• _THE INPUT_

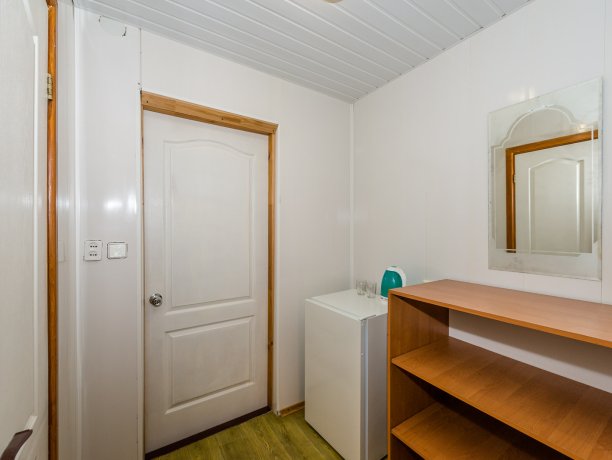 Стандарт 19 (вид на бассейн) однокомнатный, гостиничный комплекс «Tropicanka Resort Hotel», Кирилловка. Фото 4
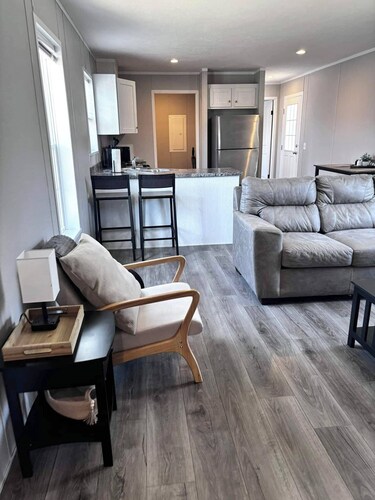 Charming 2BR Warren House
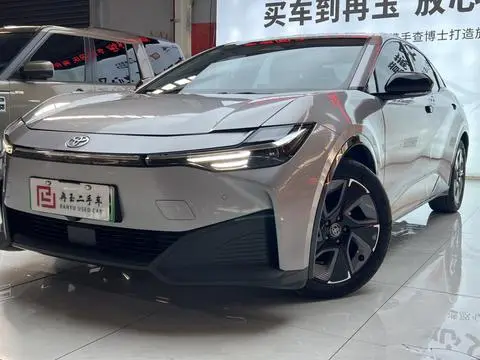 Toyota bZ3 2024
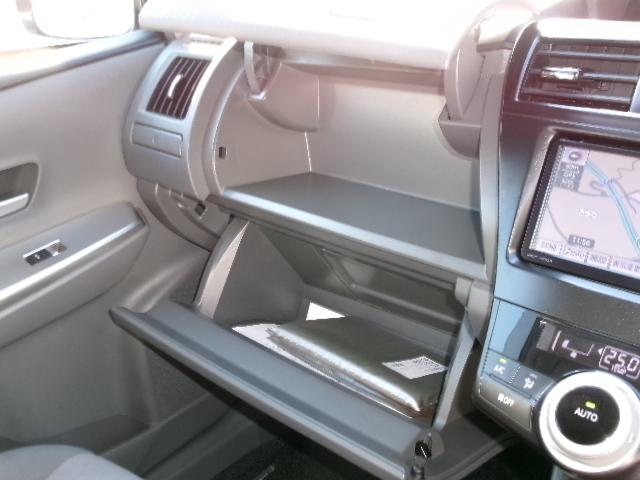 プリウスアルファ Ｓ　純正ＳＤナビ・地デジ・バックカメラ・Ｂｌｕｅｔｏｏｔｈ・ビルドインＥＴＣ・純正アルミホイール・フォグランプ・プッシュスタート・スマートキー（33枚目）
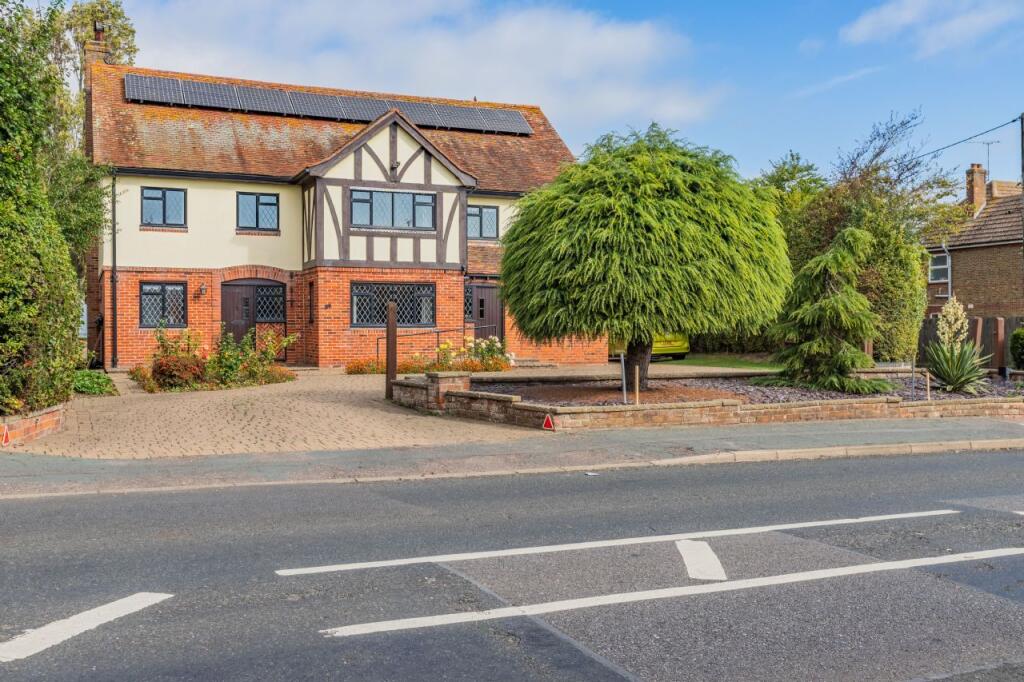 Main image of property: KIRBY ROAD, WALTON-ON-THE-NAZE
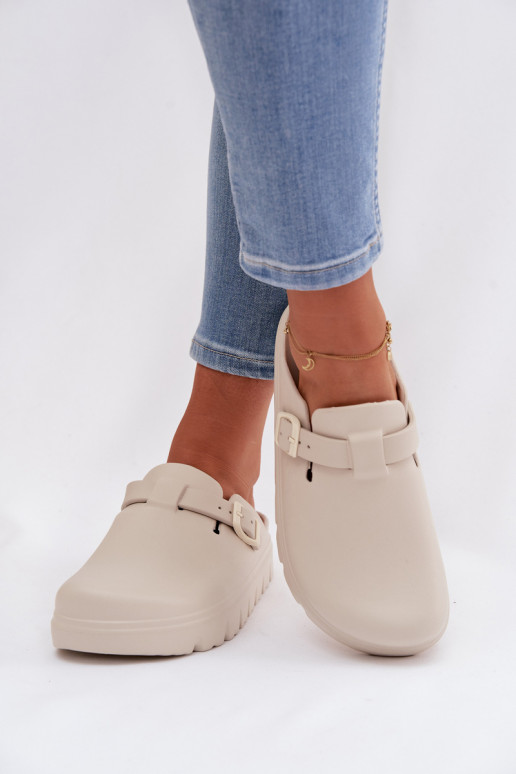 Kerged rannaplätud naiste plätud rihmadega I neetide ja pandlaga beeži värvi Larinie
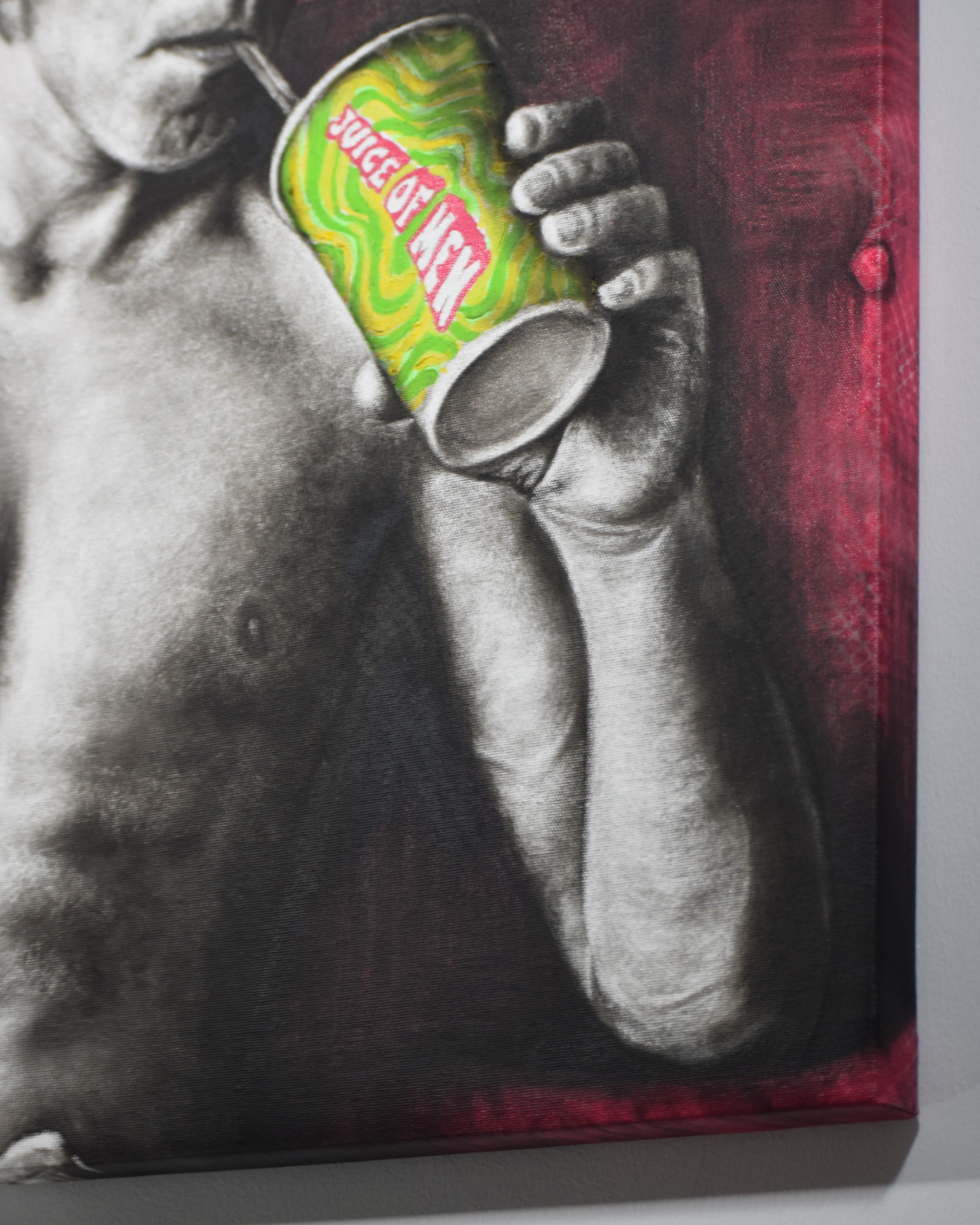 Pintura al óleo de figura masculina bebiendo con intervención de color verde y rosa, obra Consumo contenido de Yohan Pixone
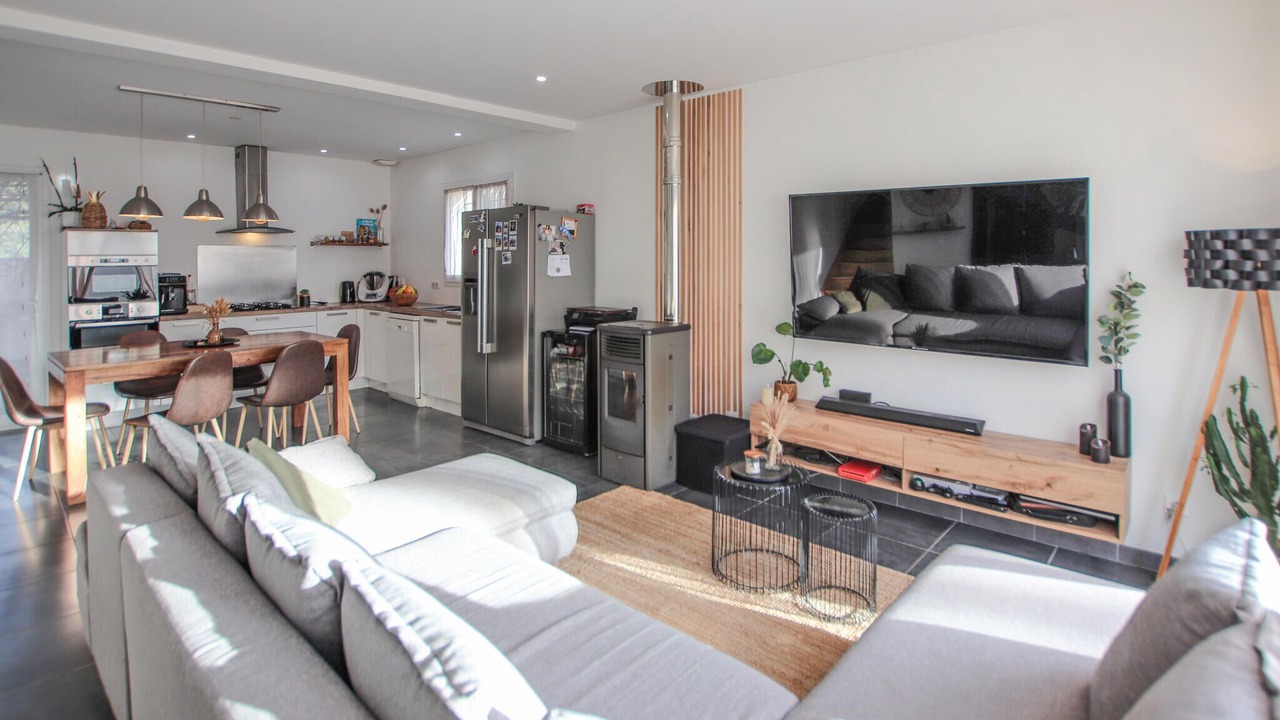 Photo of Bedroom in Morieres-les-Avignon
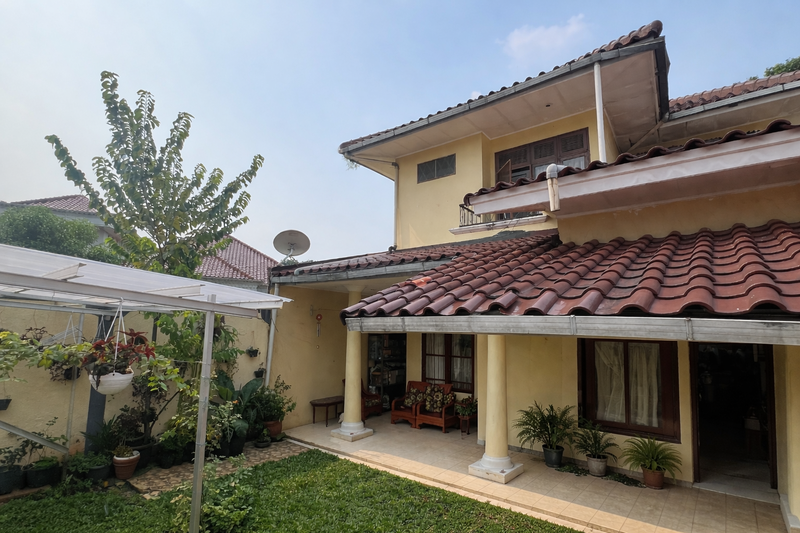 Rumah Lokasi Strategis siap huni di Griya Loka BSD City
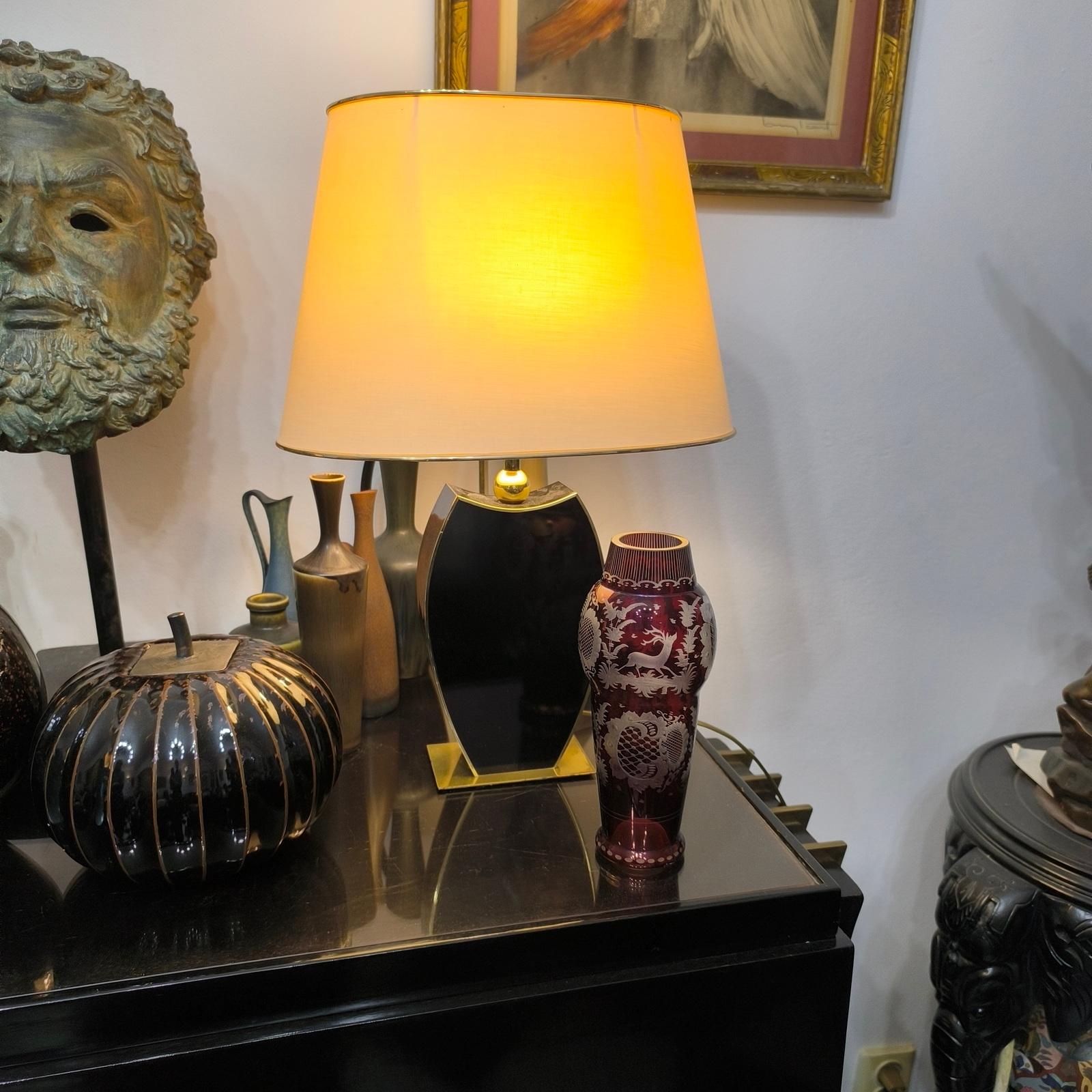 Ce vase en cristal de Bohême a été fabriqué à la fin du XIXe siècle par la manufacture Fredrich Egermann. Le vase rouge-bordeaux présente des scènes de chasse finement gravées d'un cerf et d'un château, ainsi que des motifs de feuillage de style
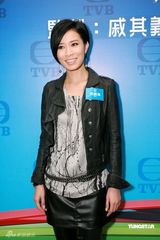 幻灯图集：陈豪新剧玩摇滚打泰拳 佘诗曼剪短发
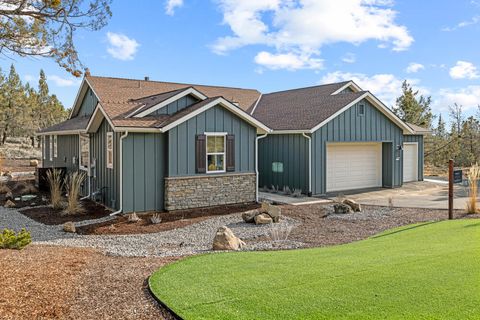 Tiny photo for 5730 Engleman Spruce Way, Klamath Falls, OR 97601 (MLS # 220215646)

• _ASSIGNED TASK_
The required output is each line above restated verbatim, with all images omitted.

• _THE ANSWER_
 Стандарт 19 (вид на бассейн) однокомнатный, гостиничный комплекс «Tropicanka Resort Hotel», Кирилловка. Фото 4
 Charming 2BR Warren House
 Toyota bZ3 2024
 プリウスアルファ Ｓ　純正ＳＤナビ・地デジ・バックカメラ・Ｂｌｕｅｔｏｏｔｈ・ビルドインＥＴＣ・純正アルミホイール・フォグランプ・プッシュスタート・スマートキー（33枚目）
 Main image of property: KIRBY ROAD, WALTON-ON-THE-NAZE
 Kerged rannaplätud naiste plätud rihmadega I neetide ja pandlaga beeži värvi Larinie
 Pintura al óleo de figura masculina bebiendo con intervención de color verde y rosa, obra Consumo contenido de Yohan Pixone
 Photo of Bedroom in Morieres-les-Avignon
 Rumah Lokasi Strategis siap huni di Griya Loka BSD City
 Ce vase en cristal de Bohême a été fabriqué à la fin du XIXe siècle par la manufacture Fredrich Egermann. Le vase rouge-bordeaux présente des scènes de chasse finement gravées d'un cerf et d'un château, ainsi que des motifs de feuillage de style
 幻灯图集：陈豪新剧玩摇滚打泰拳 佘诗曼剪短发
 Tiny photo for 5730 Engleman Spruce Way, Klamath Falls, OR 97601 (MLS # 220215646)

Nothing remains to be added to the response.